The employer will recruit nearly 10,000 Bangladeshi workers for its different sectors like construction, care-giving and nursing, he added.
"We got the assurance from the company that it will employ Bangladeshis in its priority categories," the secretary said.
Mr Haidar also said Bangladesh has a database of skilled workers. The workers will be selected from the database. And the employers will also arrange training for the selected candidates on Japanese language and other necessary matters.
Under the training programme, Japan will send a master trainer. The master trainer will train Bangladeshi teachers and they will train the workers.
"The number of demand for Bangladeshi workers from Japan will gradually increase as it needs thousands of foreign workers," the EWOE secretary added.
Japan needs about 75,000 foreign workers within the next five years, after the gradual rise in the number of elderly people, rehabilitation programme for tsunami-affected areas and hosting Olympics and Paralympics in 2020.
The world's third-largest economy used to recruit workers from mostly China, but China is now discouraging manpower export due to increase in local demand for the same. Chinese workers also claim higher wages.
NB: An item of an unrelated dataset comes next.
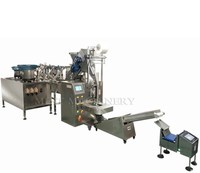 Machine automatique de comptage, de remplissage et d'emballage de bonbons, tablettes de lait, oursons gélifiés, sachets et pochettes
Japan is looking for alternative markets for manpower hiring. It is very much willing to recruit workers from Bangladesh.
Bangladesh is working to diversify its overseas employment markets from the Middle-East and Southeast Asia, where job opportunities are shrinking and wages are low.
The government is trying to tap a significant share of the employment opportunity in Japan, officials said.
The ministry has taken up a work-plan, which includes amending the existing guideline of sending technical interns to Japan.